The regular expressions module in Python is called **re**. We import **re** as follows:

In [1]:
import re

#### Regex Functions

Regular expression (i.e., "regex") syntax can be quite complex. The purpose of this tutorial is not to help you become an expert. Rather, you will come away with a basic understanding of what regex can do.

Here are the basic functions you can use within the **re** module:

| Function | Description |
| :- | :- |
| re.match(pattern, string) | returns a match object of the first instance of the pattern within the string if the pattern is found at the beginning of the string |
| re.search(pattern, string) | returns a match object of the first instance of the pattern within the string |
| re.split(pattern, string) | returns a list with the string split by the pattern |
| re.findall(pattern, string) | returns a list of all occurences of the pattern within the string |
| re.sub(pattern, replacement_pattern, string) | returns the string replacing the pattern with the replacement pattern |

In [2]:
text = 'Here is an example sentence. This sentence is an example!'

In [3]:
test = re.search('sentence', text)
print(test)
print(test.start())
print(test.end())
print(test.group())

<re.Match object; span=(19, 27), match='sentence'>
19
27
sentence


In [4]:
test = re.split('sentence',text)
test

['Here is an example ', '. This ', ' is an example!']

In [5]:
test = re.findall('sentence', text)
count = len(test)
print(test)
print(count)

['sentence', 'sentence']
2


In [6]:
test = re.sub('sentence', 'phrase', text)
test

'Here is an example phrase. This phrase is an example!'

#### Special Patterns

The power of regex comes not in these built-in functions, but in our ability to create flexible patterns that capture specific text.

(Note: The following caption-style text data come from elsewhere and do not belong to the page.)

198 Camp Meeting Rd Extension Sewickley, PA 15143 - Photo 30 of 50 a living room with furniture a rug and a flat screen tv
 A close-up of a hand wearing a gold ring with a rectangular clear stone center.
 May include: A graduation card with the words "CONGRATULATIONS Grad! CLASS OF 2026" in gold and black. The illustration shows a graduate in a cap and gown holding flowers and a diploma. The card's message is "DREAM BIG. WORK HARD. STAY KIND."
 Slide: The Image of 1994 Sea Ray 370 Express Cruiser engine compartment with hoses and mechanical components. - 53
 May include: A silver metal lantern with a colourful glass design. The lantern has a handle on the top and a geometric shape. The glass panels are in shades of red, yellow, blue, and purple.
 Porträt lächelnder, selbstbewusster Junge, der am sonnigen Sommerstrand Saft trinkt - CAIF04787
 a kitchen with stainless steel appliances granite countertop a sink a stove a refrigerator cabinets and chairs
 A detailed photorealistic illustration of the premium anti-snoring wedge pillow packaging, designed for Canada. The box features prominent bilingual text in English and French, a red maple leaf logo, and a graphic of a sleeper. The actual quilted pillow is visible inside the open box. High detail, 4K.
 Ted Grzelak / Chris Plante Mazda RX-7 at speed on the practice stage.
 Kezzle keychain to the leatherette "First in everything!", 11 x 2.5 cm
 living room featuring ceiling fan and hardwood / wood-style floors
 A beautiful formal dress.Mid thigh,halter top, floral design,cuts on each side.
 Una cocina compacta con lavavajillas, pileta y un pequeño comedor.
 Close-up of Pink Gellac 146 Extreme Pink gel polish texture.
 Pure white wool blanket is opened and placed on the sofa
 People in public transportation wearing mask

Here's a list of special patterns in regex:

| Special Pattern | Description |
| :-: | :- |
| \w+ | word |
| \d | digit |
| \s | space |
| \b | boundary |
| \S | NOT a space |
| \D | NOT a digit |
| .* | wildcard matches any character, symbol, or string |
| + | one or more occurrences |
| * | zero or more occurrences |
| \| | OR operator within a group |
| ? | previous character or group is optional |
| {} | exactly the specified number of occurrences |
| [a-z] | lower case character class |
| [A-Z] | upper case character class |
| [a-zA-Z] | lower case or upper case character class |
| [0-9] | digit character class |
| [a-zA-Z0-9] | lower case or upper case or digit character class |

To use these special patterns, the best practice is to use Python's **raw string** by include an "r" at the beginning of the string pattern.

In [7]:
text = "You miss 100% of the shots you don't take - Wayne Gretzky - Michael Scott"

In [8]:
test = re.findall(r'\w+',text)
print(test)

['You', 'miss', '100', 'of', 'the', 'shots', 'you', 'don', 't', 'take', 'Wayne', 'Gretzky', 'Michael', 'Scott']


In [9]:
test = re.findall(r'[A-Z][a-z]+',text)
test

['You', 'Wayne', 'Gretzky', 'Michael', 'Scott']

In [10]:
test = re.findall(r'\b[a-z][a-z][a-z][a-z]\b',text)
test

['miss', 'take']

In [11]:
test = re.findall(r'\b[a-z]{4}\b',text)
test

['miss', 'take']

In [12]:
test = re.sub(r'\b[a-z]{4}\b','XXXX',text)
test

"You XXXX 100% of the shots you don't XXXX - Wayne Gretzky - Michael Scott"

In [13]:
#test = re.findall(r'\d',text)
test = re.findall(r'\d+',text)
test

['100']

In [14]:
test = re.findall(r'[0-9]+',text)
test

['100']

In [15]:
test = re.findall(r'shots .* take',text)
test

["shots you don't take"]

#### Regex Groups

Regex groups are helpful when you want to *capture* matches within a string. We create groups using the () symbols. We can then refer to each captured group using a backslash followed by a number representing each group starting at 1, then 2, etc. (e.g., "\\3" represents the third captured group).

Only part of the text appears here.